In short, under my beginner reading of the tutorial, after a button press the entire script is re-run, and so I expected the two idioms to behave differently. However, if I implement a counter using the two different idioms, I find that the if button_pressed
idiom leaves any references to the counter variable before the button press (printed out in the example below) lagging behind.
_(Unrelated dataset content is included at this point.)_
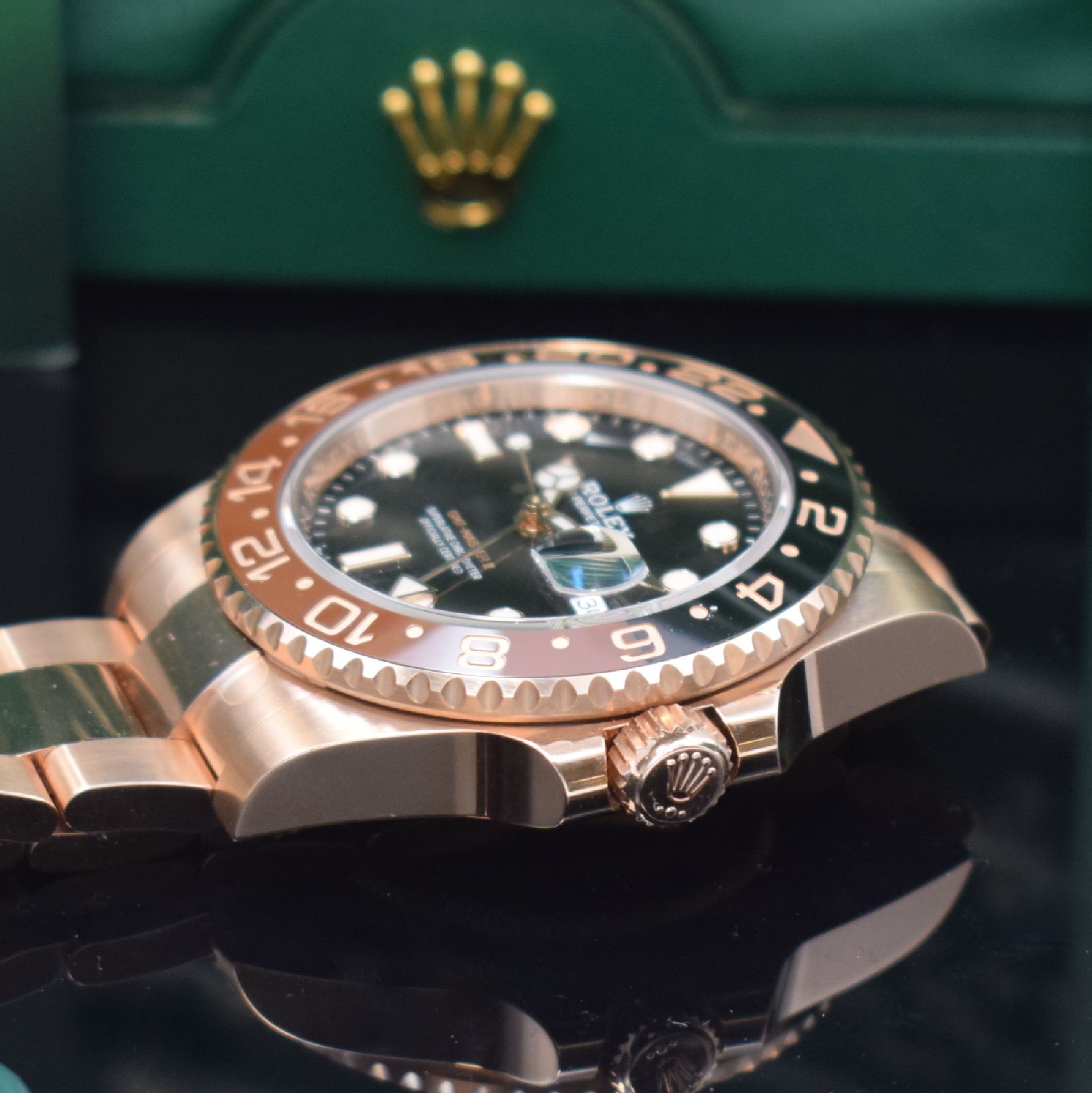 Detail d: ROLEX Herrenarmbanduhr Oyster Perpetual Date GMT-Master II in Everose-Gold 750/000 Referenz126715CHNR, Automatik, Chronometer der Superlative, ...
For my application this is undesirable, as I would like the variable to be consistent throughout the entire page. (To be precise, I am actually using a form_submit_button, which has the same behavior as the minimal example below)
So I know what I need to do to get my desired behavior, but was wondering if someone could explain the flow of logic for me, why the two versions below differ, and how experimental_rerun()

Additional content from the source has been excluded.